THE TASK - Within the records that follow, restate exactly the lines from the line with "CHRYSLER TOWN & COUNTRY" down to the line with "Nayeon xuất hiện với xu hướng đính nơ.", including both. Omit the pictures.
[DATA EXTRACTS Boundary: Start]
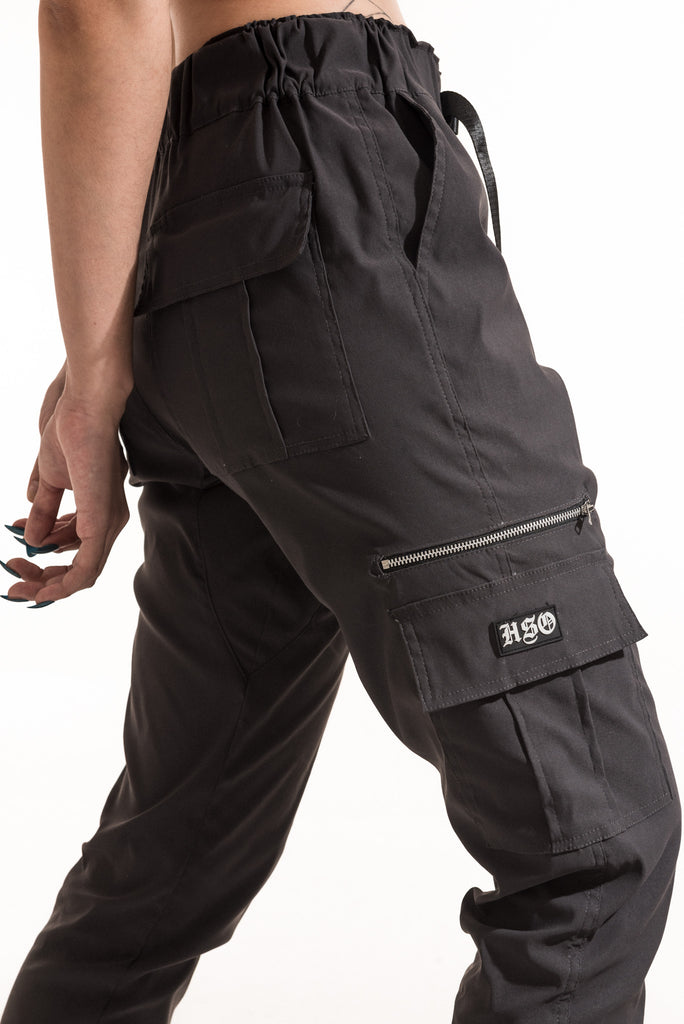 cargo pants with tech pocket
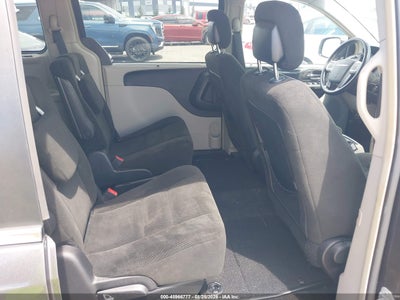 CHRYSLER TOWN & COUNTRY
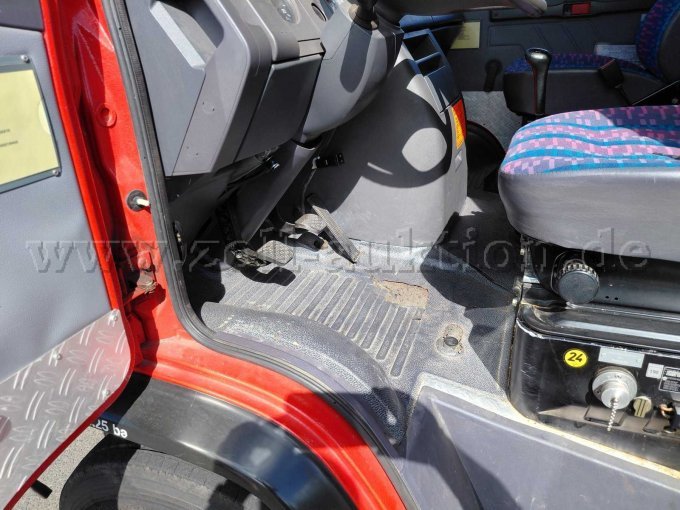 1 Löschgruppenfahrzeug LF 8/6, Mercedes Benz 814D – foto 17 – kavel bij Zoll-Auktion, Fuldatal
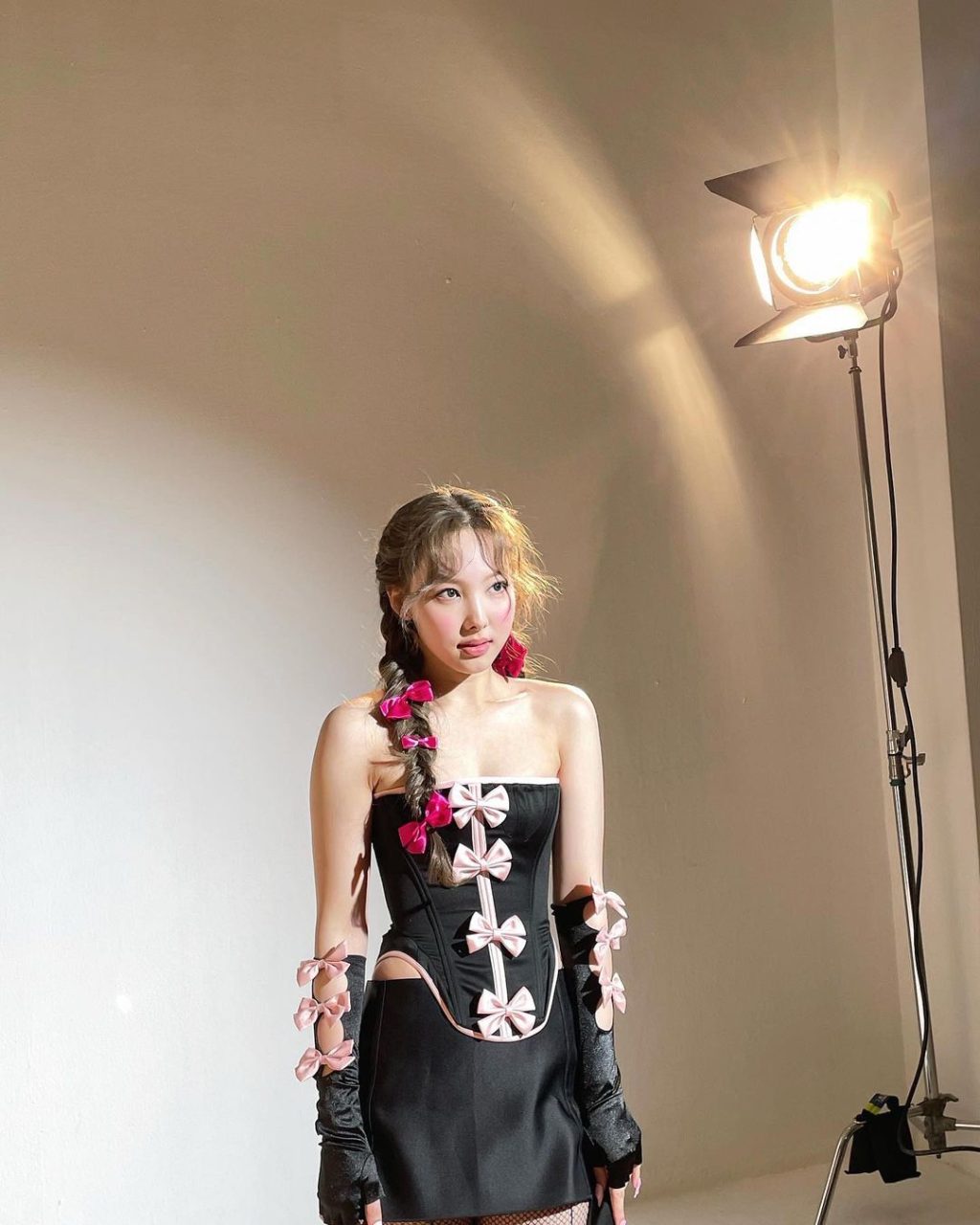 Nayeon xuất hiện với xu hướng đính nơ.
[DATA EXTRACTS Boundary: End]
[DATA EXTRACTS Boundary: Start]
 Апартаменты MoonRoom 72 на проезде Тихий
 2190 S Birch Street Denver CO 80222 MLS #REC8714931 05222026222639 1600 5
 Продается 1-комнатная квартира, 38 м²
[DATA EXTRACTS Boundary: End]
SOLUTION FOR THIS PROBLEM -
 CHRYSLER TOWN & COUNTRY
 1 Löschgruppenfahrzeug LF 8/6, Mercedes Benz 814D – foto 17 – kavel bij Zoll-Auktion, Fuldatal
 Nayeon xuất hiện với xu hướng đính nơ.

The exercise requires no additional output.